I still don't understand the point.  Once we read more than a single
page, writing it back as a patch is completely trivial as shown by
this series.  Why would we not do it?

>
> If you really want, I can try to make the write part asynchronous, while
> still keep the read part synchronous, and easier to read.

Asynchronous writes gets us back into all the I/O completion handler
complexities, which was the whole reason to start on the synchronous
repair.

> In your current version, the do {} while() loop iterates through all
> mirrors.
>
> But for the following case, we will hit problems thanks to RAID1C3 again:
>
> Mirror 1 	|X|X|X|X|
> Mirror 2	|X| |X| |
> Mirror 3	| |X| |X|
>
> We hit mirror 1 initially, thus @initial_mirror is 1.
>
> Then when we try mirror 2, since the first sector is still bad, we jump
> to the next mirror.
>
> For mirror 3, we fixed the first sector only. Then 2nd sector is still
> from mirror 3 and didn't pass.
> Now we have no more mirrors, and still return -EIO.

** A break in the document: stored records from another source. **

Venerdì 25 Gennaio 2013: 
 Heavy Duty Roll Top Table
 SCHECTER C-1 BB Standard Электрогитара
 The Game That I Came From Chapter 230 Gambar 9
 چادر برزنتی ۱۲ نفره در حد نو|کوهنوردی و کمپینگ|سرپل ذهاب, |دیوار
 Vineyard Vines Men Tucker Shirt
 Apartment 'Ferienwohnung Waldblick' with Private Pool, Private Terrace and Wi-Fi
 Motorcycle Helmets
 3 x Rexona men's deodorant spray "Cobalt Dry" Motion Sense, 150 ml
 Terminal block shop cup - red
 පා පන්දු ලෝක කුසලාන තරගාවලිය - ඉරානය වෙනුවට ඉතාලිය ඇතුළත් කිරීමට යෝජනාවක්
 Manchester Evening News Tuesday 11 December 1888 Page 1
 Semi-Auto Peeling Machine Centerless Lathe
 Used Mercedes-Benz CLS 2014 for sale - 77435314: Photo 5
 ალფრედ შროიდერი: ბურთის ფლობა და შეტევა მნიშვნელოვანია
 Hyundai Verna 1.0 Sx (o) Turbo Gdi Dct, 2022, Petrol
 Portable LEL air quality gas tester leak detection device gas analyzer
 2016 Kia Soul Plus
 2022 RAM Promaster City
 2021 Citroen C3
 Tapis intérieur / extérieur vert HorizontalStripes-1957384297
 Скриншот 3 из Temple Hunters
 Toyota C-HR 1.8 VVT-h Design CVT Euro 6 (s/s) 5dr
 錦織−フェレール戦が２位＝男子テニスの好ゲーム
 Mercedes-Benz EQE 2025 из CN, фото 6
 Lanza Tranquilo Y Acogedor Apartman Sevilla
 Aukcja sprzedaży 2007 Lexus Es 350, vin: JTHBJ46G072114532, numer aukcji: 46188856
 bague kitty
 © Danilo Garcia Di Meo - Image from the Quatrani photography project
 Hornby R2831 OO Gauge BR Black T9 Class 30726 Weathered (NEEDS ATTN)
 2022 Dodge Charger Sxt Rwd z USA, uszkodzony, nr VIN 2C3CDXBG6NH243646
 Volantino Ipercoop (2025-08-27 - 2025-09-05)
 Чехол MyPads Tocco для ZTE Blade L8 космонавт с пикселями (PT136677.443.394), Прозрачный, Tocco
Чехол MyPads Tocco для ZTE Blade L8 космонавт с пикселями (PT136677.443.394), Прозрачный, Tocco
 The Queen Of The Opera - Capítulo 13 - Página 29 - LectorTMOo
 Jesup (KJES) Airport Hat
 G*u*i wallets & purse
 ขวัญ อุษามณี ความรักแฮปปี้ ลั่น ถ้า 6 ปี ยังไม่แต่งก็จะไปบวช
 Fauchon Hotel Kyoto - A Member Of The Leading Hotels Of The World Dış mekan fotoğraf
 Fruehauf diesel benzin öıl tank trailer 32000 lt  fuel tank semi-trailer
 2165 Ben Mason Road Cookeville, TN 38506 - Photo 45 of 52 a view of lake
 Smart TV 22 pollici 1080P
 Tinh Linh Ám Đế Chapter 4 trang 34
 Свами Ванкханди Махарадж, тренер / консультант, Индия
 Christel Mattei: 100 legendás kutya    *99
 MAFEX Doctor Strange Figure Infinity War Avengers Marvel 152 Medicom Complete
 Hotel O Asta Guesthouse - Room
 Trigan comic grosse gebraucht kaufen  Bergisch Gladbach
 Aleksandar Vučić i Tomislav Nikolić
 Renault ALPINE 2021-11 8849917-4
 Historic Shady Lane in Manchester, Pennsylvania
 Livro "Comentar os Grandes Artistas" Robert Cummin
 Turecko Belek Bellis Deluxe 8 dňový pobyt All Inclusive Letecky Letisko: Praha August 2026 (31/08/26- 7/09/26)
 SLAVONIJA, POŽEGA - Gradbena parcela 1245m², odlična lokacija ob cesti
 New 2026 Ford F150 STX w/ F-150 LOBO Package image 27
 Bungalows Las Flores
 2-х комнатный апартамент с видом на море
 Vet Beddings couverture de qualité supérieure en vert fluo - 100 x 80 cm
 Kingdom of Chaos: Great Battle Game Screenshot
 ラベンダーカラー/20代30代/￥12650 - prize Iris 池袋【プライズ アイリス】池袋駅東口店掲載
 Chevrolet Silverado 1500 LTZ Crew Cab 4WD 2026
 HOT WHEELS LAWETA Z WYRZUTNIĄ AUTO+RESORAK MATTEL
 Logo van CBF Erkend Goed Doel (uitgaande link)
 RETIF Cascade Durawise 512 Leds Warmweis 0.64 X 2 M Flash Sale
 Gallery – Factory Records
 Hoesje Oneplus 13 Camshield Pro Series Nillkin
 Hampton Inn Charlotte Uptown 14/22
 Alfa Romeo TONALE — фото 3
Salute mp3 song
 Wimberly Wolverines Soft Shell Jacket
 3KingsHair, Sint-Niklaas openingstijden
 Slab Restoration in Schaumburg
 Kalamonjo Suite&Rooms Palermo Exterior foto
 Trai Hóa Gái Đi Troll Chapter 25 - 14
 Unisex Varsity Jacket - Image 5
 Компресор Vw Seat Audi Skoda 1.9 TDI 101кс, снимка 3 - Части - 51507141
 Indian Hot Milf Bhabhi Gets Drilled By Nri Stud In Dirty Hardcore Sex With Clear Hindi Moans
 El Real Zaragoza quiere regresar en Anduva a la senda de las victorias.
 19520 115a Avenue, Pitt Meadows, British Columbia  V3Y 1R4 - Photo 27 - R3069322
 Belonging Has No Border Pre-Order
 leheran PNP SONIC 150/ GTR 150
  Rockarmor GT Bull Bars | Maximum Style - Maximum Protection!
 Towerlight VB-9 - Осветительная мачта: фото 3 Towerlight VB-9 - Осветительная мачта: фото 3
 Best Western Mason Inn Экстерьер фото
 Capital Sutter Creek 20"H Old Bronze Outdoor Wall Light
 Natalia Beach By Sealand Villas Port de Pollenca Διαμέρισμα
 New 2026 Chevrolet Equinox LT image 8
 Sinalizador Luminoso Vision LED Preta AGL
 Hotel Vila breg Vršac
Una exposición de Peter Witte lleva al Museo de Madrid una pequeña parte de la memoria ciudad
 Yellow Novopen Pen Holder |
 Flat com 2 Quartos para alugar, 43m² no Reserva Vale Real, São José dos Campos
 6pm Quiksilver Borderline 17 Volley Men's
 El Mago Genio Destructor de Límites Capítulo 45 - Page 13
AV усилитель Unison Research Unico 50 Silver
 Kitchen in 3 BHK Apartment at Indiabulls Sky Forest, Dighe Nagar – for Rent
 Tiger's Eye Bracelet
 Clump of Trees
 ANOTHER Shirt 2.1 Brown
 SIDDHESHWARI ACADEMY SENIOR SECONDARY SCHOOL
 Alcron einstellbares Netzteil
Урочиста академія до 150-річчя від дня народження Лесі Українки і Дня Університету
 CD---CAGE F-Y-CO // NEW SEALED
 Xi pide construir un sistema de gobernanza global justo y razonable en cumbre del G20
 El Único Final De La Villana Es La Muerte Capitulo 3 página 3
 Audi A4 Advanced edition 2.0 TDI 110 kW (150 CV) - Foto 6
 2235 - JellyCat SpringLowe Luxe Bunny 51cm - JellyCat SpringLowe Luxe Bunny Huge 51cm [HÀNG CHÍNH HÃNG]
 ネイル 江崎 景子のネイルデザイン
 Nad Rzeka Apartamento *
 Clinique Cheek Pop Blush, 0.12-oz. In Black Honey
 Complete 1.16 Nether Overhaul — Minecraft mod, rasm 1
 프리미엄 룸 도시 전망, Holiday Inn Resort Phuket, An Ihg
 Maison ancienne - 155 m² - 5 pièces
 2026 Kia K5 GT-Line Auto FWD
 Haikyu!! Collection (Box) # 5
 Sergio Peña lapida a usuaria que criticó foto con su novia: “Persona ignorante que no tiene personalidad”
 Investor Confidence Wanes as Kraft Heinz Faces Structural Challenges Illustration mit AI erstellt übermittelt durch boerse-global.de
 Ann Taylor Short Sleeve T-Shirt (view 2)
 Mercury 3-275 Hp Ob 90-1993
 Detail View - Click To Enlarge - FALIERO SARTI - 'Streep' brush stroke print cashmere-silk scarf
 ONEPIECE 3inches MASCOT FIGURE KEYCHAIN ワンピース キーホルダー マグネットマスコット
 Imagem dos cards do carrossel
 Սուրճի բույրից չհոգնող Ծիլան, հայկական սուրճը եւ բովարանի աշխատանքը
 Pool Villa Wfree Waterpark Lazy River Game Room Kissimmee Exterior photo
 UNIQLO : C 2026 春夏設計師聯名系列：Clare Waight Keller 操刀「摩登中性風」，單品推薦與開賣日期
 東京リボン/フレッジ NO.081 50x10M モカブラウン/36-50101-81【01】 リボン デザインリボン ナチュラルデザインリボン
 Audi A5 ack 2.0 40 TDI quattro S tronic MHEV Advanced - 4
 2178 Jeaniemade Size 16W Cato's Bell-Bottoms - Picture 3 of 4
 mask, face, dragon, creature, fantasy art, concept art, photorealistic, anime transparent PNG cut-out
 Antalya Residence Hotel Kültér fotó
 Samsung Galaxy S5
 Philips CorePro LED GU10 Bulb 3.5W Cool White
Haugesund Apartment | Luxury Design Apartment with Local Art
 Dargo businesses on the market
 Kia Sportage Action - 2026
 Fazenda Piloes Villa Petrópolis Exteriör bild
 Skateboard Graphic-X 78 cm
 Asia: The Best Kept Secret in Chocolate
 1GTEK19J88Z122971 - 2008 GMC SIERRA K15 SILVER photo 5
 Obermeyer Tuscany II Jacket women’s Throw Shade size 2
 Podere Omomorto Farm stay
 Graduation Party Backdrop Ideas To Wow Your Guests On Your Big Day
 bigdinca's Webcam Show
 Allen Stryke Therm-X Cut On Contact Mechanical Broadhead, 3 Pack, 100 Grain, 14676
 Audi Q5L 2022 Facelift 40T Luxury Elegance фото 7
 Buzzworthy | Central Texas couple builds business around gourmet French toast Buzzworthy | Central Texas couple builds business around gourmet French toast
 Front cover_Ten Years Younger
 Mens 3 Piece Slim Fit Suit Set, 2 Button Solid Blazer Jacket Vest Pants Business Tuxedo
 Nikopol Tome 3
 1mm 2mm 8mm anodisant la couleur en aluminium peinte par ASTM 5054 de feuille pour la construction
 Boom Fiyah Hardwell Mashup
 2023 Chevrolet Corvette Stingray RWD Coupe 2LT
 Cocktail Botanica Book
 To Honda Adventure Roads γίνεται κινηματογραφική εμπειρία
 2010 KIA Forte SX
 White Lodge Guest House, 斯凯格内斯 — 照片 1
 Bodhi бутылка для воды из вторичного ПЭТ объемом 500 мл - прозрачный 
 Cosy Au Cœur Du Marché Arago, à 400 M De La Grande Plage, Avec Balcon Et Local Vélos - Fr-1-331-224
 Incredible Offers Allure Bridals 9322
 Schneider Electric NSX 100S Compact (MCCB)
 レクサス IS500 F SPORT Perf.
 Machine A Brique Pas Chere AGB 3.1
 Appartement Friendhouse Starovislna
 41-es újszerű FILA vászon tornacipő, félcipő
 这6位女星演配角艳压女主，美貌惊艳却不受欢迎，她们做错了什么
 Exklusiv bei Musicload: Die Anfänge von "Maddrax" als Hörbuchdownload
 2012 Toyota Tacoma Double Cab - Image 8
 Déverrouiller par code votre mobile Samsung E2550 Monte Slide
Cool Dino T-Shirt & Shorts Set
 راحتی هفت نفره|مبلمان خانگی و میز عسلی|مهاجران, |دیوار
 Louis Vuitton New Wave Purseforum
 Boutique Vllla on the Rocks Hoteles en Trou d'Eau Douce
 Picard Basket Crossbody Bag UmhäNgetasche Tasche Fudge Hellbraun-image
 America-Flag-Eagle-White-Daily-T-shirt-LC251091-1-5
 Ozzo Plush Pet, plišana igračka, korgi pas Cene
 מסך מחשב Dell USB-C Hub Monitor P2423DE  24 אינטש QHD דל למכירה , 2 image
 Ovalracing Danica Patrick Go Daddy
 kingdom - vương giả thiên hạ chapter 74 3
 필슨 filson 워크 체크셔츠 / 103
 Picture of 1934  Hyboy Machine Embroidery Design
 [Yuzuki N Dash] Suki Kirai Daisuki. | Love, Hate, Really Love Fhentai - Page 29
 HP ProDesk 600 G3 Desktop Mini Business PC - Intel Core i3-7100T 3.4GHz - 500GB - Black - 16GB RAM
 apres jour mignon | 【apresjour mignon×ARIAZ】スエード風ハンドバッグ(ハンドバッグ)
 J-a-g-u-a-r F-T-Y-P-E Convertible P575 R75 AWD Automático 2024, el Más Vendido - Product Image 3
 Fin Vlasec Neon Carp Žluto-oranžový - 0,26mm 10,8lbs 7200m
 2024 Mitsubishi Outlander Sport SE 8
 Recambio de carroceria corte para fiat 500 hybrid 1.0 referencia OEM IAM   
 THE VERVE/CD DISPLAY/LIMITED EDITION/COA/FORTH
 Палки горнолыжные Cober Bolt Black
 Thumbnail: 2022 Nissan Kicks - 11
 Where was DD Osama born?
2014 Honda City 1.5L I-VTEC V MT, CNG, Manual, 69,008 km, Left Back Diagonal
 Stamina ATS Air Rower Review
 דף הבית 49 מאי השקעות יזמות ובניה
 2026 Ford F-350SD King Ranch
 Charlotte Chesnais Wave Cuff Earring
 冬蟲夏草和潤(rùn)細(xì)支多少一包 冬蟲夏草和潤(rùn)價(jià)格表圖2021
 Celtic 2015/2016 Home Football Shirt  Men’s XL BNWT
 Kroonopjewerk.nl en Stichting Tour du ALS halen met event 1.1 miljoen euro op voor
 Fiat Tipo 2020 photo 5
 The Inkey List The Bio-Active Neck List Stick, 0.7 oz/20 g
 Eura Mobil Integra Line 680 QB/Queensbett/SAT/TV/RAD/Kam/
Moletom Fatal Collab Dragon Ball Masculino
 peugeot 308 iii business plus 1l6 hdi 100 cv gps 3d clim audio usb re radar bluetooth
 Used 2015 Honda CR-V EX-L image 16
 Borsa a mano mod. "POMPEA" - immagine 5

Can you share a test case?  The code resets initial_mirror as soon as
we made any progress so that should not happen.

> So my points still stand, if we want to do batched handling, either we
> go bitmap or we give up.

Why?  For the very common case of clustered corruption or entirely
failing reads it is significantly faster than a simple synchronous
read of each sector, and also much better than the existing code.
It also is a lot less code than the existing code base, and (maybe
I'm biassed) a lot more readable.

Bitmaps only help you with randomly splattered corruption, which simply
is not how SSDs or hard drives actually fail.

> Such hacky bandage seems to work at first glance and will pass your new
> test cases, but it doesn't do it any better than sector-by-sector waiting.
> (Forgot to mention, the new RAID1C3 test case may also be flawed, as any
> read on other mirrors will cause read-repair, screwing up our later
> retry, thus we must check pid first before doing any read.)

The updated version uses the read from mirror loop from btrfs/142
that cleverly used bash internals to not issue the read if it would
be done using the wrong mirror.  Which also really nicely speeds up
the tests including the exist 140 and 141 ones.